#### INPUT DATA

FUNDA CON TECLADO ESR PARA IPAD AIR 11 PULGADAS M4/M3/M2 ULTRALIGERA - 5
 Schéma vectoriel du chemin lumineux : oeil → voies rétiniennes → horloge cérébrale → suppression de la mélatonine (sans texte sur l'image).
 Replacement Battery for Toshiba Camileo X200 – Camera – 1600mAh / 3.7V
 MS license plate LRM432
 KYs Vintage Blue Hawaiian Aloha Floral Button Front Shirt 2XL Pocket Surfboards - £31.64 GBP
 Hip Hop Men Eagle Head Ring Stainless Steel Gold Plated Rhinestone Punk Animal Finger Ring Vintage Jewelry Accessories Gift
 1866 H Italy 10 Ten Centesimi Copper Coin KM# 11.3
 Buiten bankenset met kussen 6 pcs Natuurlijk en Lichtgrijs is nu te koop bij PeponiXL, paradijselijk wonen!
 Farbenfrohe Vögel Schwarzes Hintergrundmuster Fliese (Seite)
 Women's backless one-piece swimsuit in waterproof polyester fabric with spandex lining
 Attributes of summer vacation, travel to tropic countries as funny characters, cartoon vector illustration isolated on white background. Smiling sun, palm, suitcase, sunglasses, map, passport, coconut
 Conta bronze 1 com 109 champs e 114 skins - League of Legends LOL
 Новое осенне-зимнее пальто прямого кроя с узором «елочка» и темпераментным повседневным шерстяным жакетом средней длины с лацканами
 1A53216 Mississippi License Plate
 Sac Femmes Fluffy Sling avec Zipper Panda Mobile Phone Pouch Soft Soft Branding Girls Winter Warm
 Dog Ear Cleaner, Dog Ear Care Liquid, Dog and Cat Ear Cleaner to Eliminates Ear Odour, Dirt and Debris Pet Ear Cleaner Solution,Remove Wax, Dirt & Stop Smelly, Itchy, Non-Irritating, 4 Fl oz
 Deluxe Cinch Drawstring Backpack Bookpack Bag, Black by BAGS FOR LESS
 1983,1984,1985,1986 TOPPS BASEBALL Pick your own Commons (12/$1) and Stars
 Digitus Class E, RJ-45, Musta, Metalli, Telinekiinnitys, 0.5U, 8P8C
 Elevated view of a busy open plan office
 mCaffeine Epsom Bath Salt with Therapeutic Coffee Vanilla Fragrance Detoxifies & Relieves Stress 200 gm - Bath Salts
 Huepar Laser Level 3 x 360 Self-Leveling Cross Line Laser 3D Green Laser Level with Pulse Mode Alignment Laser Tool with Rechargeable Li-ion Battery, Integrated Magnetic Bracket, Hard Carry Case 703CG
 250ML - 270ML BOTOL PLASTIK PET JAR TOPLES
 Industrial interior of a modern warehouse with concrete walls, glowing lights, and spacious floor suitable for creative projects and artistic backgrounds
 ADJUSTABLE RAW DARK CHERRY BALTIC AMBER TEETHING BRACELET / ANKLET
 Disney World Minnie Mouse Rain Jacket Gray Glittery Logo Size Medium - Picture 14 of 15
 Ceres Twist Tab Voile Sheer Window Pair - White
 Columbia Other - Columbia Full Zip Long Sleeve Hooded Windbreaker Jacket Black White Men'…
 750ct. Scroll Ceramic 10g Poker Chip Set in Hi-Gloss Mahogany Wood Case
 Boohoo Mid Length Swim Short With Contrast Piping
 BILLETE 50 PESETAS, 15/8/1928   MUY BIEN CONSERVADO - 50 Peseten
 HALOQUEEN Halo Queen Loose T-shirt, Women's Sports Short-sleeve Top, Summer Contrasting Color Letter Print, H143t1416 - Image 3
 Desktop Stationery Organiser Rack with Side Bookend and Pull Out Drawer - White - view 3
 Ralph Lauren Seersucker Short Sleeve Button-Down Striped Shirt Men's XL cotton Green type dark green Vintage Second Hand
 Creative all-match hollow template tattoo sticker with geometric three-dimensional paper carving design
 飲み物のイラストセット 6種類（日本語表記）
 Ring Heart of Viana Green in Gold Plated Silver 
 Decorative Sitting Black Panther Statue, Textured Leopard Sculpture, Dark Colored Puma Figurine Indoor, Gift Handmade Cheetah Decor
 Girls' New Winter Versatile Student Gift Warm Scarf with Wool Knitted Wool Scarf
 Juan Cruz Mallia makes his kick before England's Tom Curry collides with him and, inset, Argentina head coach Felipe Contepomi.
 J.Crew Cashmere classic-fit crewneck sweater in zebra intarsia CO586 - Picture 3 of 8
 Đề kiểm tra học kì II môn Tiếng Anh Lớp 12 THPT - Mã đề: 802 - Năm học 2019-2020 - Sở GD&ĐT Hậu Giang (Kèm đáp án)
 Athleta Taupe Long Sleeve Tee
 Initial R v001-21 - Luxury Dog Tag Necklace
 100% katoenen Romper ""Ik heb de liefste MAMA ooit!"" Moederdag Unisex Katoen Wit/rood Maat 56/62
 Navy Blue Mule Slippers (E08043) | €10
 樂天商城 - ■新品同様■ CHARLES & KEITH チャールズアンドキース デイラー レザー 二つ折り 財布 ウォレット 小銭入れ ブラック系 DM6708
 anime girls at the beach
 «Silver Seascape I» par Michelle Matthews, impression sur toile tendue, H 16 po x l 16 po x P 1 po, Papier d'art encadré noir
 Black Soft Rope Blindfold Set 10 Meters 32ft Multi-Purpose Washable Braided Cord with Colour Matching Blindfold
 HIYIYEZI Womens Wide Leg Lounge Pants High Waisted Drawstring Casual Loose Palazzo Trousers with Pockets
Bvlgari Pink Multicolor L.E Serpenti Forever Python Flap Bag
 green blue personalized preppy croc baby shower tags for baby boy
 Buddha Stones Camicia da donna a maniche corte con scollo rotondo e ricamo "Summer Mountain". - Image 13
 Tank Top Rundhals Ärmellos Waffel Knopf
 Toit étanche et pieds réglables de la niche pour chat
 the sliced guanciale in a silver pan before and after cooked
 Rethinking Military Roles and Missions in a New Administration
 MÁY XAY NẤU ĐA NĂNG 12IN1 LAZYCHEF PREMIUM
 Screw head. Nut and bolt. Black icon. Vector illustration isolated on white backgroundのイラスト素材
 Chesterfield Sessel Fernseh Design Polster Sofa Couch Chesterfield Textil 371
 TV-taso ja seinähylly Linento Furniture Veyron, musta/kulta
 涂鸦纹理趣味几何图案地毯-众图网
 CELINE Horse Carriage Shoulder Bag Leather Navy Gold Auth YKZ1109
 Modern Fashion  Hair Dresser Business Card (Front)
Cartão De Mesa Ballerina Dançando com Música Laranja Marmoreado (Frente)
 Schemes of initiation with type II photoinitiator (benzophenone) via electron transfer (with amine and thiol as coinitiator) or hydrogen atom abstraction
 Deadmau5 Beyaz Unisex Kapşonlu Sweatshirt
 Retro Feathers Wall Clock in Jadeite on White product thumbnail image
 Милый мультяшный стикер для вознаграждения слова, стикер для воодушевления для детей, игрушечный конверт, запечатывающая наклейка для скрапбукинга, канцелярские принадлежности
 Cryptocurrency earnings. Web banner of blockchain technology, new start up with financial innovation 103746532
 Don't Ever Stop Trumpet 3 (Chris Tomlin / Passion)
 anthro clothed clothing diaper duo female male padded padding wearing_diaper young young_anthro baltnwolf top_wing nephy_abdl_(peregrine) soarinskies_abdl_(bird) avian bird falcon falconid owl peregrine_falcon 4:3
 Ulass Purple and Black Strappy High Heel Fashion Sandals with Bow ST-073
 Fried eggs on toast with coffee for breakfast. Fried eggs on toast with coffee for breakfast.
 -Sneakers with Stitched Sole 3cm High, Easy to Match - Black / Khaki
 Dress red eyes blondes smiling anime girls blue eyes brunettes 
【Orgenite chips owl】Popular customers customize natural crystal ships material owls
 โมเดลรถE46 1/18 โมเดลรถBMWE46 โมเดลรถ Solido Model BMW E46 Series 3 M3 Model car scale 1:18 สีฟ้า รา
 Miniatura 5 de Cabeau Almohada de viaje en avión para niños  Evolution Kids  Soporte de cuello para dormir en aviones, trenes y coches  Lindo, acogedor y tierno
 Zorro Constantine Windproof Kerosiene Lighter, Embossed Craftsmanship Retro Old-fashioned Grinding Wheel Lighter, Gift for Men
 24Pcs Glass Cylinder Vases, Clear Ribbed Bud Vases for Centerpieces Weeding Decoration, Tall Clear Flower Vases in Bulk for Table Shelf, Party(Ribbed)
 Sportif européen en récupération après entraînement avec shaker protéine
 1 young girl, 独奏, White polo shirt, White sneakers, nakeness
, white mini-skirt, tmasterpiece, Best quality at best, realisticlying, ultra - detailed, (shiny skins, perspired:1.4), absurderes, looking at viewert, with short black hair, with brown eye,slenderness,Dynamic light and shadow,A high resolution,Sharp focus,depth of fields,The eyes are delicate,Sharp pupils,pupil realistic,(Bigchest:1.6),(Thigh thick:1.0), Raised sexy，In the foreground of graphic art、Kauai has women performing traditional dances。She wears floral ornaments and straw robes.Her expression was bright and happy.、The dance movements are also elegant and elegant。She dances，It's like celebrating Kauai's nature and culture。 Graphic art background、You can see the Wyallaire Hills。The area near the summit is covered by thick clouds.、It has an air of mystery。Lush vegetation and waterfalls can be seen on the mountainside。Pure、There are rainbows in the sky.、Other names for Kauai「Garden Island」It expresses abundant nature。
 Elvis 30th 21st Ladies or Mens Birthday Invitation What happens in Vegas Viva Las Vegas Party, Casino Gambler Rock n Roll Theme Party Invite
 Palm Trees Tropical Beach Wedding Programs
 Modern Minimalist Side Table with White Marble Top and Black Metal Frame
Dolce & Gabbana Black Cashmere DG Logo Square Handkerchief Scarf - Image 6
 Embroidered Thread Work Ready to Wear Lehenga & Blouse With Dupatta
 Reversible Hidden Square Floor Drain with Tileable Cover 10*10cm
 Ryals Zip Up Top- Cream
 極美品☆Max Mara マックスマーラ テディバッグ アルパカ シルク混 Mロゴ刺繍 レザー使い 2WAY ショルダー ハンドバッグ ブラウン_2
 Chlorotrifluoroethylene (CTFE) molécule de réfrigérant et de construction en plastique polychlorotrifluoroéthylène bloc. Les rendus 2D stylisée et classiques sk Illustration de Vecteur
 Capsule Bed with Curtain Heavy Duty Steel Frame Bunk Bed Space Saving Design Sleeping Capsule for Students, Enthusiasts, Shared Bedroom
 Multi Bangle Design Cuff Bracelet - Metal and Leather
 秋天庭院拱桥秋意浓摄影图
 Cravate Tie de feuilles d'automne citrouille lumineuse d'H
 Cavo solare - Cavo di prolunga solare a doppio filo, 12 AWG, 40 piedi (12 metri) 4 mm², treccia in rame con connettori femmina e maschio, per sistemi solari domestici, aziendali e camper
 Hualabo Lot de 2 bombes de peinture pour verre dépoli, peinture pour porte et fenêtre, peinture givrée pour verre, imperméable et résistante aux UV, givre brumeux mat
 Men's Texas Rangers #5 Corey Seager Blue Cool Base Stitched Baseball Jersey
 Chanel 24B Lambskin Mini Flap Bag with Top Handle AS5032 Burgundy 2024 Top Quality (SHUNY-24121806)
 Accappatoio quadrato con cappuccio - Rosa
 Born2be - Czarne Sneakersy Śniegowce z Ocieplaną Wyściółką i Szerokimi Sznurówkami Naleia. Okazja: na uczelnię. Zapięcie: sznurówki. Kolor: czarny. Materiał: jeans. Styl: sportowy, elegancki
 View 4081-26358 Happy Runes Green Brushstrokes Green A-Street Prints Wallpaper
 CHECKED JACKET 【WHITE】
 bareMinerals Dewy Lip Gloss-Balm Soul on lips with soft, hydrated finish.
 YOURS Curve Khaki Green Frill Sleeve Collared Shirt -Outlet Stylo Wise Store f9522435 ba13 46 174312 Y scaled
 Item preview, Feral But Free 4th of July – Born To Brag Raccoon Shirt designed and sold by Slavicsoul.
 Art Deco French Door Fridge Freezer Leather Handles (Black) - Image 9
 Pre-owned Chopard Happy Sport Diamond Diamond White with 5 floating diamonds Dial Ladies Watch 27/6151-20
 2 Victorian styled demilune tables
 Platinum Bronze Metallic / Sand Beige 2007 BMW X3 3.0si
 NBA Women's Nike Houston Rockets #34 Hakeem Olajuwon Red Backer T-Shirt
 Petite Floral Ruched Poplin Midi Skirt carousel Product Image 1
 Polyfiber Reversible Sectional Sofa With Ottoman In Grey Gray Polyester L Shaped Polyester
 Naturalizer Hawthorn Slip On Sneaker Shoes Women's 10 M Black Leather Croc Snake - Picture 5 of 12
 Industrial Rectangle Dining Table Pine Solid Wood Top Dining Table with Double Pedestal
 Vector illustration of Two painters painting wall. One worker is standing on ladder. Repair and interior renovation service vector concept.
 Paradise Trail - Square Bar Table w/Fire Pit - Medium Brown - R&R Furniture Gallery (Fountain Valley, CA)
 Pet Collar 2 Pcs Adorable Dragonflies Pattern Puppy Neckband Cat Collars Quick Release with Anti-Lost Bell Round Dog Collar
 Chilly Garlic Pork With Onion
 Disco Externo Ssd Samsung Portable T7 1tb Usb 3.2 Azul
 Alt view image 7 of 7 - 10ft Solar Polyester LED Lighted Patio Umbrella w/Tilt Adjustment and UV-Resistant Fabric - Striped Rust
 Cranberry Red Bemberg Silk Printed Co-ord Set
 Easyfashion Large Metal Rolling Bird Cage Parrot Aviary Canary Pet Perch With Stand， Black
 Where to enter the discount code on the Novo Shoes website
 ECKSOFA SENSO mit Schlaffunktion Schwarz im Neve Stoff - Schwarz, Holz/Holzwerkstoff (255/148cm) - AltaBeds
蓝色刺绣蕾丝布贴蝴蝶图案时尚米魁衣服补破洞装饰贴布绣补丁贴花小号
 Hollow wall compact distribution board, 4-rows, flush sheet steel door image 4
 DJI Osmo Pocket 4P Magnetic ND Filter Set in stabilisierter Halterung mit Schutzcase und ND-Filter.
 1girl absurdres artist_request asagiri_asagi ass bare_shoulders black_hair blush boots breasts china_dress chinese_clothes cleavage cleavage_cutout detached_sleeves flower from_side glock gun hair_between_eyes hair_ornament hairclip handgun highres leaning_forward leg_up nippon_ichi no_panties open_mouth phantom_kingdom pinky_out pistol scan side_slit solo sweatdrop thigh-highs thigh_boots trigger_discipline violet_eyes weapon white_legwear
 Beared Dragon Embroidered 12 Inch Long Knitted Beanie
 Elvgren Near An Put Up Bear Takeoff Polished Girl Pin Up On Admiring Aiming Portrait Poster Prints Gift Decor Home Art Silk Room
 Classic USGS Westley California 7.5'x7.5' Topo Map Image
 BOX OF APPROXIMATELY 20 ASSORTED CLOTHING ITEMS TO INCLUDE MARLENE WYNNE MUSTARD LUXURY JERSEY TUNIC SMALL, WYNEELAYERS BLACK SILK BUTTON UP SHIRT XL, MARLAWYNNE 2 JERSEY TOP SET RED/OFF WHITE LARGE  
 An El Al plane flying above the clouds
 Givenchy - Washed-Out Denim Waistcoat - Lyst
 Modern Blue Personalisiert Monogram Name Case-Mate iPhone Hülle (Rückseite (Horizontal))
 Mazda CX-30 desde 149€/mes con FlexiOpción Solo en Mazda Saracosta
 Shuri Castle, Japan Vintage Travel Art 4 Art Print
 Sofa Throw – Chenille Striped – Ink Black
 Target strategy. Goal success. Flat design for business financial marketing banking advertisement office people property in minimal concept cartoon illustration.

########

WHAT IS EXPECTED: Copy range, inclusive: the line holding "Born2be - Czarne" to the line holding "bareMinerals Dewy Lip". Reproduce exactly those lines of the records above and no others.

ANSWER FOR THE TASK:
 Born2be - Czarne Sneakersy Śniegowce z Ocieplaną Wyściółką i Szerokimi Sznurówkami Naleia. Okazja: na uczelnię. Zapięcie: sznurówki. Kolor: czarny. Materiał: jeans. Styl: sportowy, elegancki
 View 4081-26358 Happy Runes Green Brushstrokes Green A-Street Prints Wallpaper
 CHECKED JACKET 【WHITE】
 bareMinerals Dewy Lip Gloss-Balm Soul on lips with soft, hydrated finish.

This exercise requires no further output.